その姿は、まるでデーケルターレに白い包帯を巻きつけているかのようだった。
ジョエル
「くっ……こほっ……! こ……の……!」
<SEガチャガチャとレバーを動かす音>
闇雲にモビリスレバーを操り、何とかこの白いヴィロネカートを剥がそうとするも、巻きつかれる一方で一切の抵抗を許されない。
ガリガリガリ
<SE有り>
指先に力を込め、絡みつくヴィロネカートの白い固体を掻き毟るも、わずかな白い細胞がボロボロと剥がれ落ちるのみだった。
左文字
『撤退だ! ジョエル! 撤退しろ!』
池峰
『撤退は無い』
左文字
『これは極めてイレギュラーな事態です! このままでは――』
池峰
『だからどうした。まだ何の成果も出せていないぞ』
左文字
『っ! ご子息の命の保障は出来ませんっ!』
池峰
『あいつもそれは承知の上で乗っているのだ。
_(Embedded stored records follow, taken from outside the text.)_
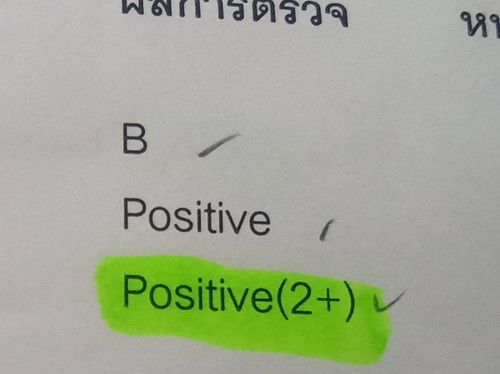 แม่บ้านไหน ตรวจเลือดแล้วพบผลเลือดแฝง Positive(2+)บ้างไหมคะ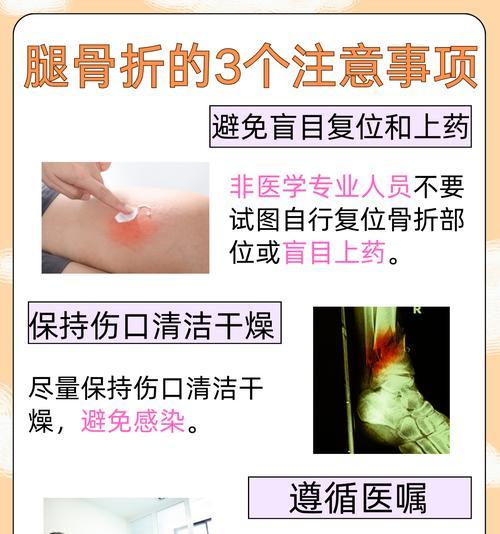 大腿骨折康复时间有多久？（恢复期、康复措施及预防）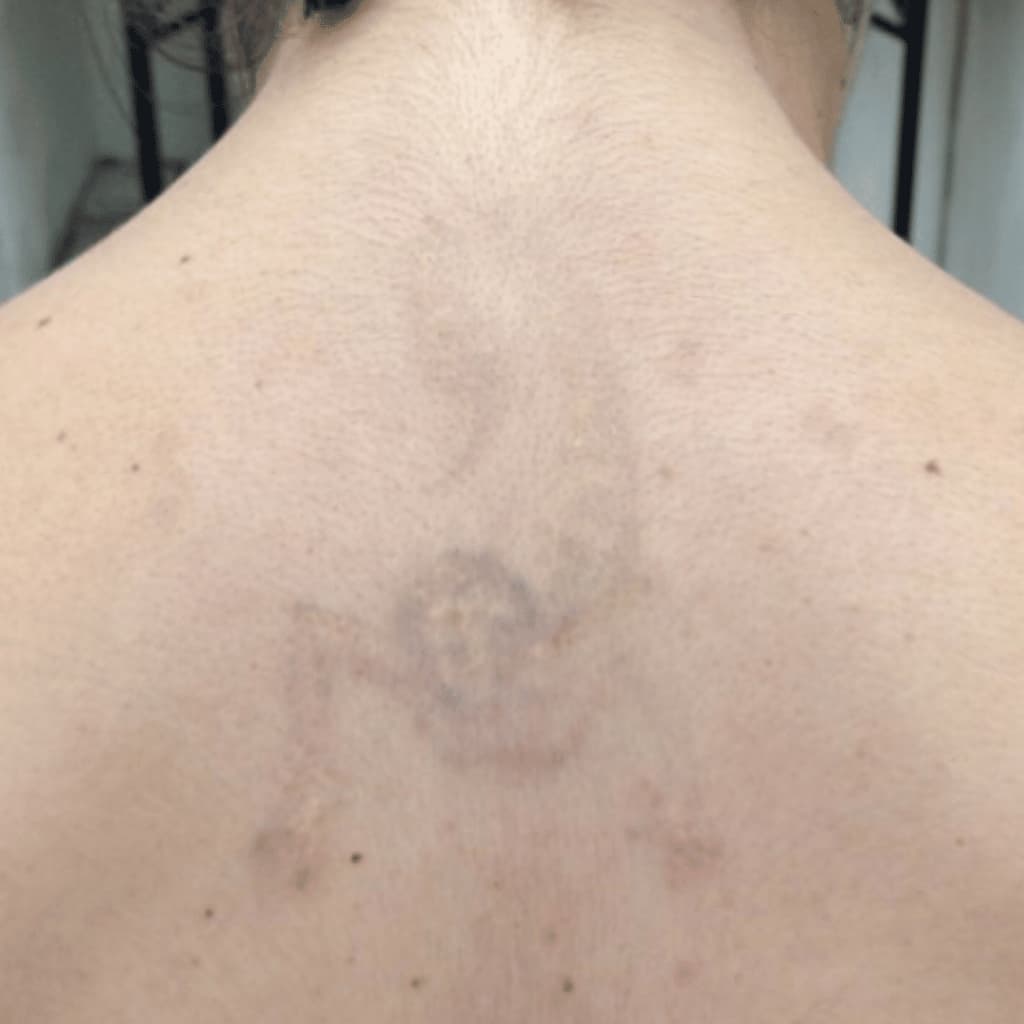 Tattoo Removal | City Laser Clinic Sydney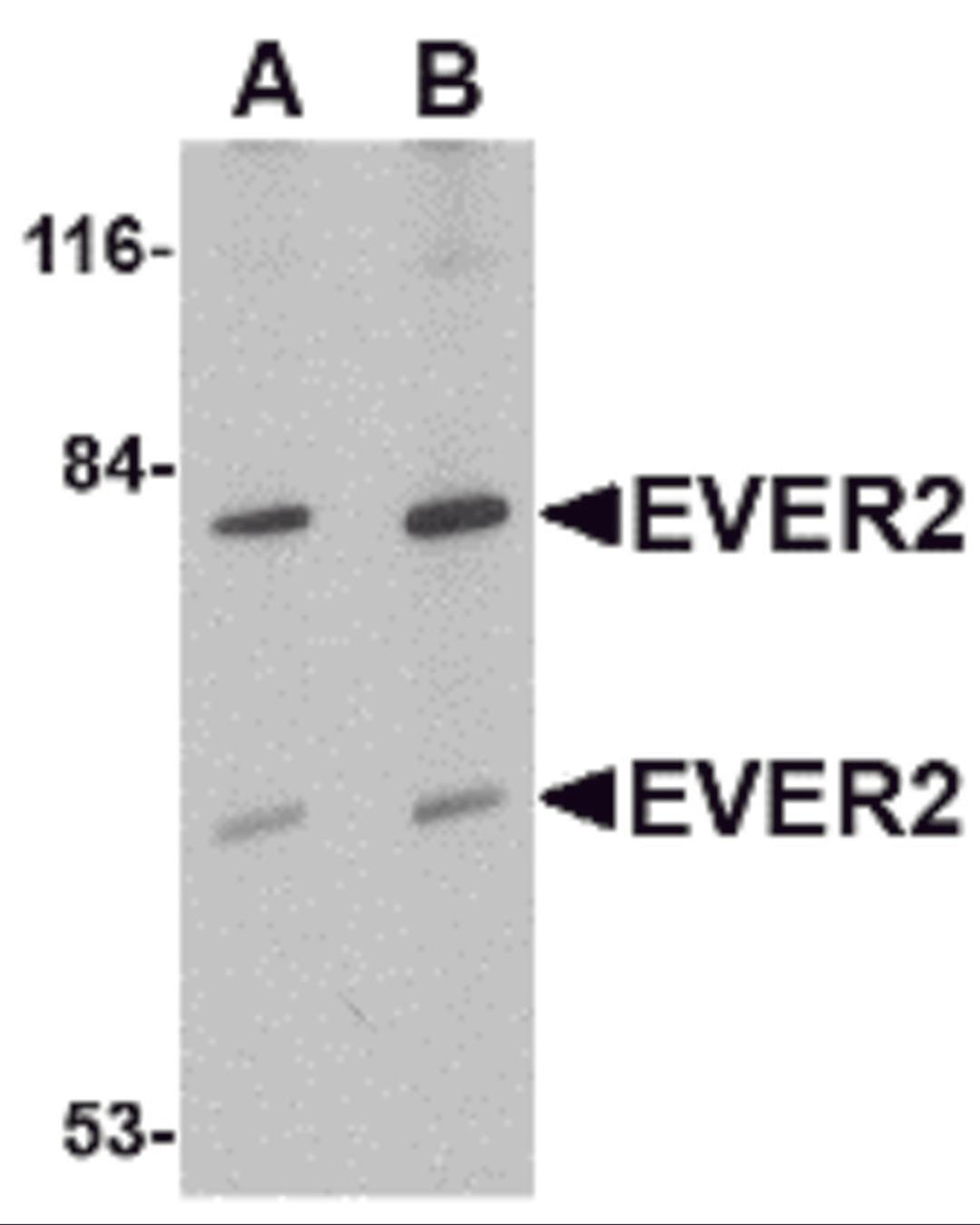 Western blot analysis of EVER2 in Jurkat cell lysate with EVER2 antibody at (A) 1 and (B) 2 μg/mL.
』
左文字
『ッ!』
野柳
『新しく出現したヴィロネカート。殲滅か凍結……それが出来なければ人類の明日は無い……。それは君も理解しているはずじゃないのかな?』
左文字
『しかし……! ジョエルはッ!』
ジョエル
「いいんです。左文字さん。……やって……やってみせますっ!」
左文字
『ジョエル?!』
ジョエル
「うわぁあああああぁあああぁああぁあぁ!!」
吼えて、ジョエルはその喉に未だ絡み続けている白い生命体を両手で掴んだ。